The JVM intentionally reserves some space at the tail of the stack to leave
room for itself to initiate unwinding.

On Fri, Jan 9, 2015 at 9:01 AM, Simon Ochsenreither <simon at>

> > Worth mentioning that SOE is infinitely more recoverable than heap OOME.
> >  In the latter case (especially with complex systems, where the risk is
> > ironically even higher of it happening) there's often not much you can
> > do other than kill off the JVM and try again.  But if you run out of
> > stack, everything should unwind in a very predictable (and fast) manner.

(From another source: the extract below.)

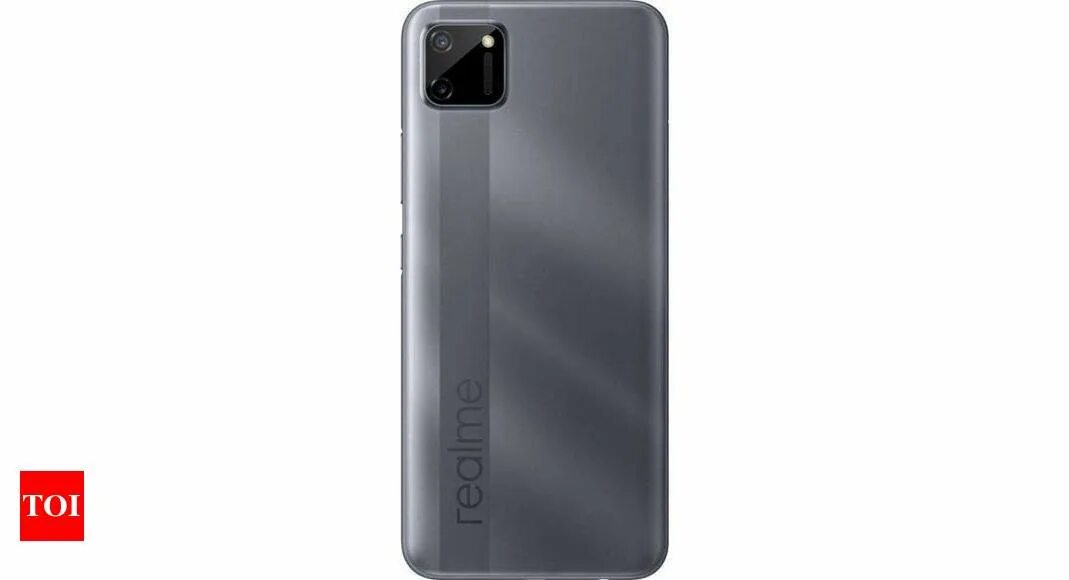 Телефон реалми ц 67. Realme c11 2/32gb. Realme c11 32gb. Realme c11 2021 64gb. Смартфон Realme c11 2021.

> >  You could even automatically rebuild your thread pools with larger
> > stack sizes fairly easily.
> Your VM might be broken after both. SOE is definitely not recoverable.
> Yes, it might work, but no guarantees it does.
> Money quote: "You will find occurrences of StackOverflowError leaving
> locks locked, monitors acquired, and "finally" block not invoked, even
> if JVM doesn't crash."
> Maybe things have changed since then?